*Try it*
Extract, verbatim, all lines starting at the one containing "2023 LEXUS IS 300" and ending with the final line of the listing, and no others.

*Entries provided*
--*--

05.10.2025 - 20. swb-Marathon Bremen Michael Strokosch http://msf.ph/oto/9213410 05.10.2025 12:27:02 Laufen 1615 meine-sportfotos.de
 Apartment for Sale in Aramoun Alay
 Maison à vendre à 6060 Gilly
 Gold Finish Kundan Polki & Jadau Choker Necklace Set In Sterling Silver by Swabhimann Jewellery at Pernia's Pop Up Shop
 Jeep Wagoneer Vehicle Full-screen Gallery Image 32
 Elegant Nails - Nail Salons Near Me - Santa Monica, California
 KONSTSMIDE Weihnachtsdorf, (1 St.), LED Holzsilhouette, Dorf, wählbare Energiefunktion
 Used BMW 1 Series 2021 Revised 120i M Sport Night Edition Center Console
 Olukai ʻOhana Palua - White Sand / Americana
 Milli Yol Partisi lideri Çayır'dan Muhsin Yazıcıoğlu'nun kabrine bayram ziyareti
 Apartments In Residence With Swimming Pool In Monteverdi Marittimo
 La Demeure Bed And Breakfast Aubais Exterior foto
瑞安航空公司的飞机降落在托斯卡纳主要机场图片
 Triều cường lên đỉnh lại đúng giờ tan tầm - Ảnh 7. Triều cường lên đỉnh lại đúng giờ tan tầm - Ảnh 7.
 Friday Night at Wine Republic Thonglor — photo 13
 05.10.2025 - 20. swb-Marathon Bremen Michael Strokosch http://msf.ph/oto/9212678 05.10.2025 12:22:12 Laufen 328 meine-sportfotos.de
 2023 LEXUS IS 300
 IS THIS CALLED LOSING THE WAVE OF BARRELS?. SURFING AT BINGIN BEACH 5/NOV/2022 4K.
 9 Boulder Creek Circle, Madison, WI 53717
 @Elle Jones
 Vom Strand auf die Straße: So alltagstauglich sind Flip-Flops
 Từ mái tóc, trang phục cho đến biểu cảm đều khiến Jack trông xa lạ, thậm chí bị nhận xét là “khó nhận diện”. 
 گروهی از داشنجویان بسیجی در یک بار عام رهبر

--*--

*Response to the task*
 2023 LEXUS IS 300
 IS THIS CALLED LOSING THE WAVE OF BARRELS?. SURFING AT BINGIN BEACH 5/NOV/2022 4K.
 9 Boulder Creek Circle, Madison, WI 53717
 @Elle Jones
 Vom Strand auf die Straße: So alltagstauglich sind Flip-Flops
 Từ mái tóc, trang phục cho đến biểu cảm đều khiến Jack trông xa lạ, thậm chí bị nhận xét là “khó nhận diện”. 
 گروهی از داشنجویان بسیجی در یک بار عام رهبر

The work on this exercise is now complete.